Task prompt
Only the lines from the start of the data below through the line that contains "Easter Bunny Egg" are to be copied, exactly and without pictures.

'''

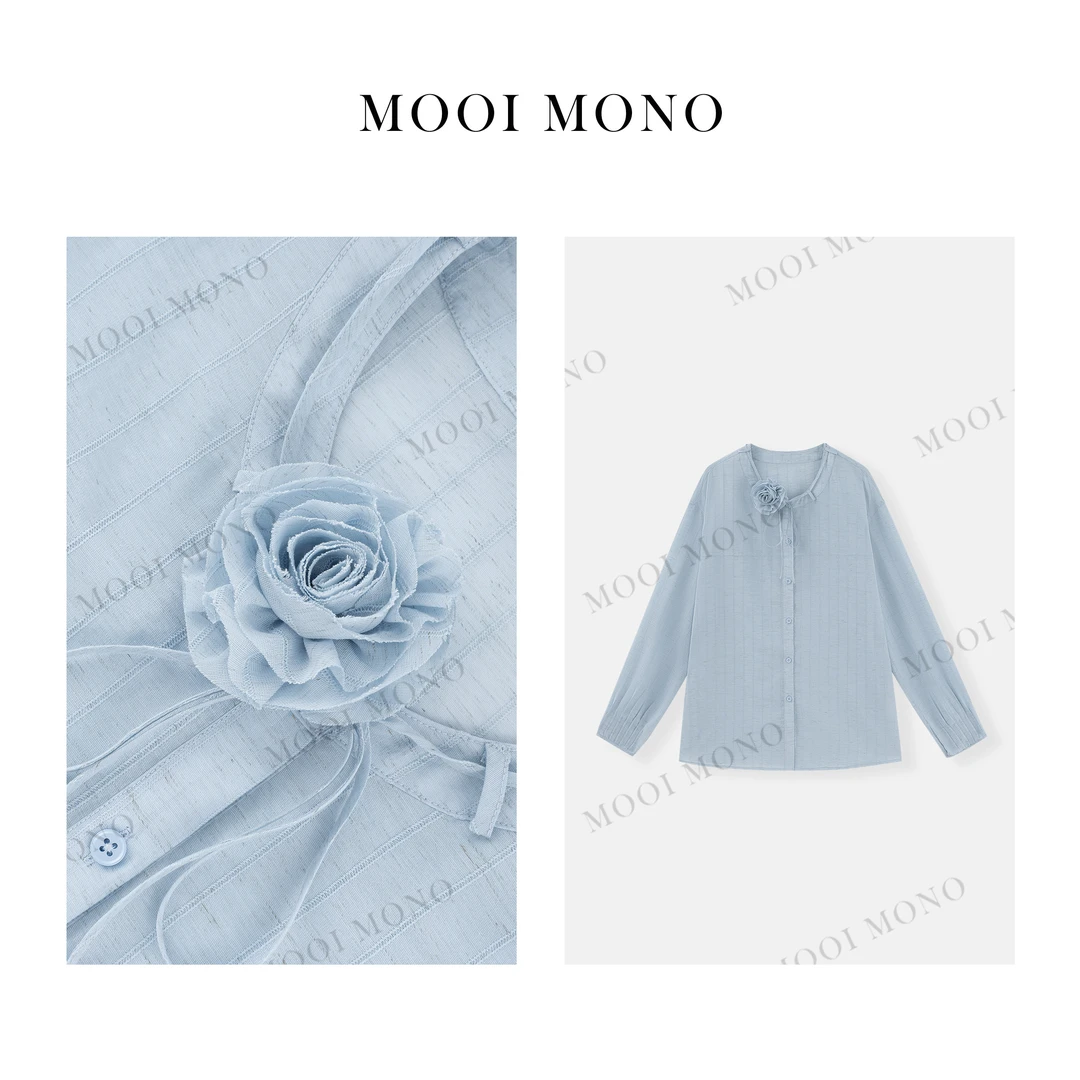 MOOI MONO"海岸阳光"显瘦气质淡蓝色长袖条纹花朵衬衫 C639S52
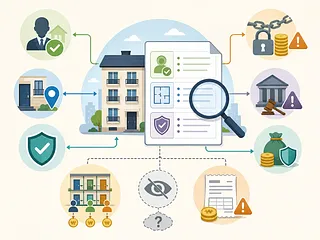 住宅と登記書類を虫眼鏡で確認し、所有者や担保、保証金リスクを点検する図解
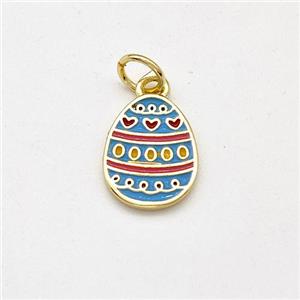 Easter Bunny Egg Charms Copper Pendant Multicolor Enamel Gold Plated, approx 9-12mm [FD15736]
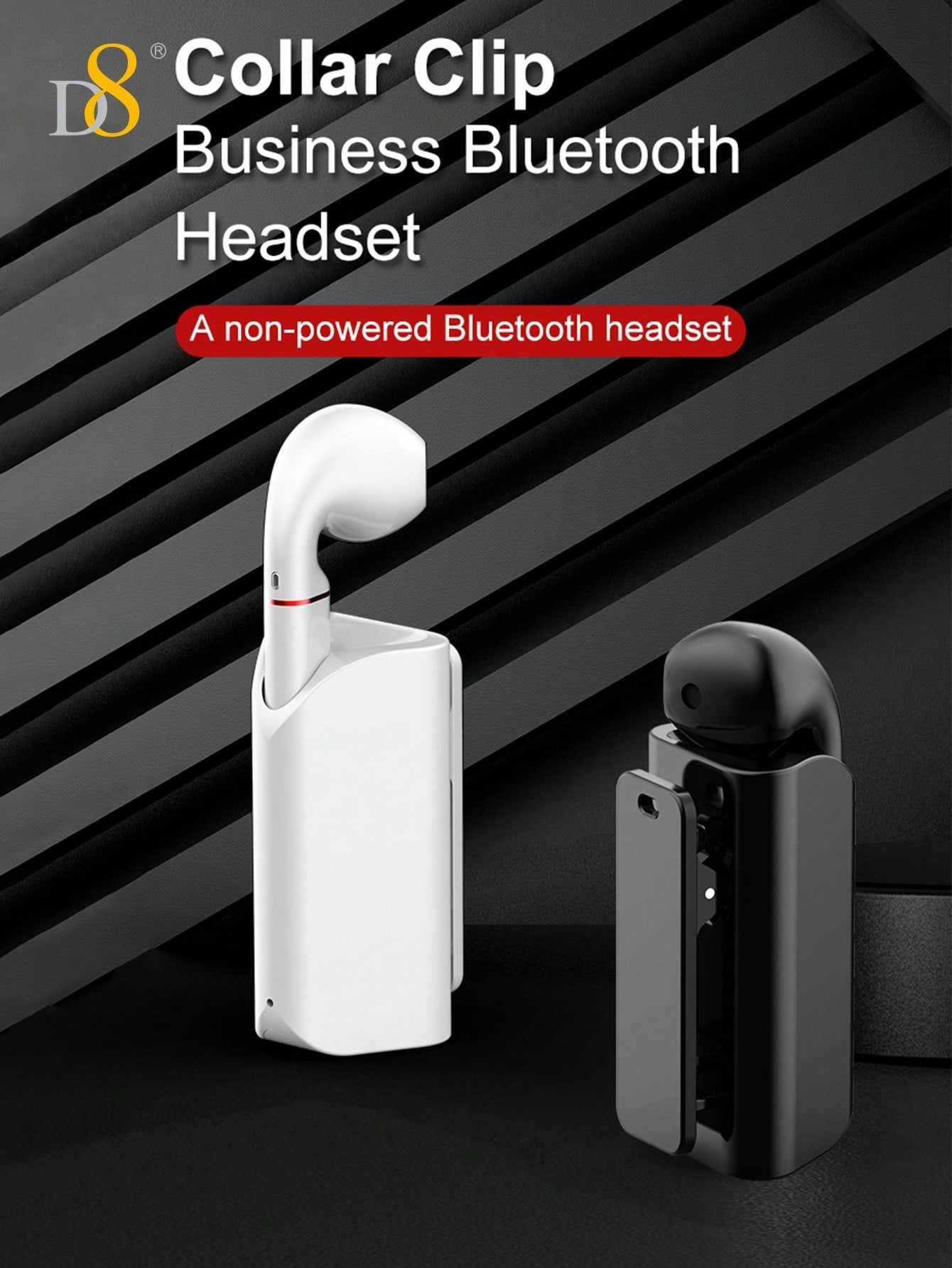 D8 무선 마이크 클립형 이어버드 Bluetooth 5.0 / 10mm 중저음 강화 드라이버 / USB-C 충전 / 5시간 연속 재생 / iOS & Android 호환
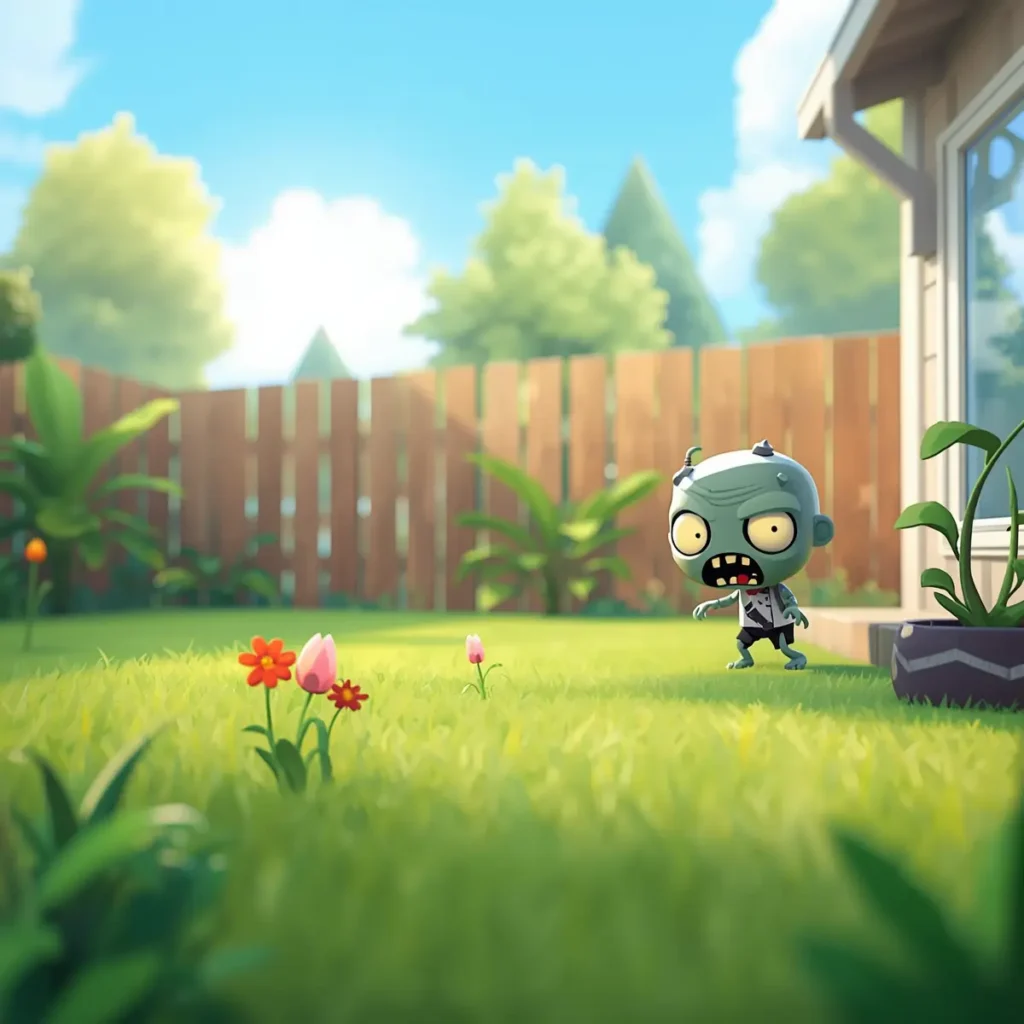 Small cartoon zombie walking toward a house in a bright green backyard scene.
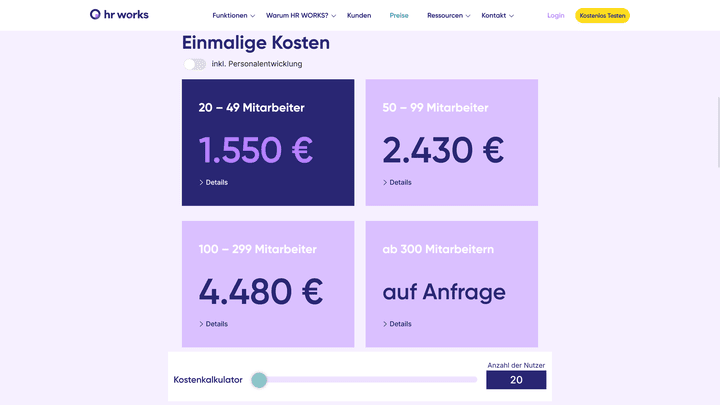 Mit diesen Einrichtungsgebühren müssen Sie für HR WORKS rechnen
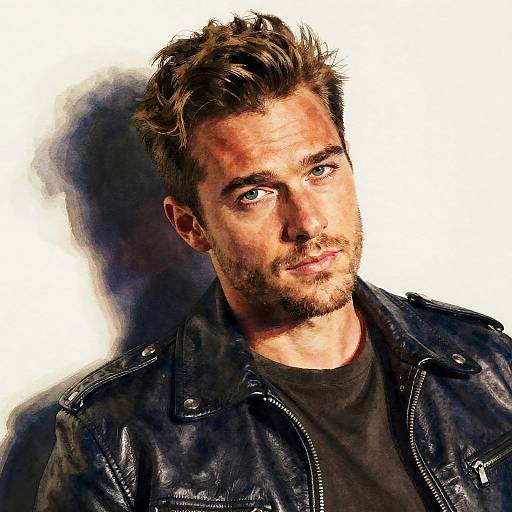 Photorealistic digital portrait of a handsome, brown-haired, blue-eyed man with a beard, wearing a black leather jacket and black shirt, against a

'''

Result of the task
 MOOI MONO"海岸阳光"显瘦气质淡蓝色长袖条纹花朵衬衫 C639S52
 住宅と登記書類を虫眼鏡で確認し、所有者や担保、保証金リスクを点検する図解
 Easter Bunny Egg Charms Copper Pendant Multicolor Enamel Gold Plated, approx 9-12mm [FD15736]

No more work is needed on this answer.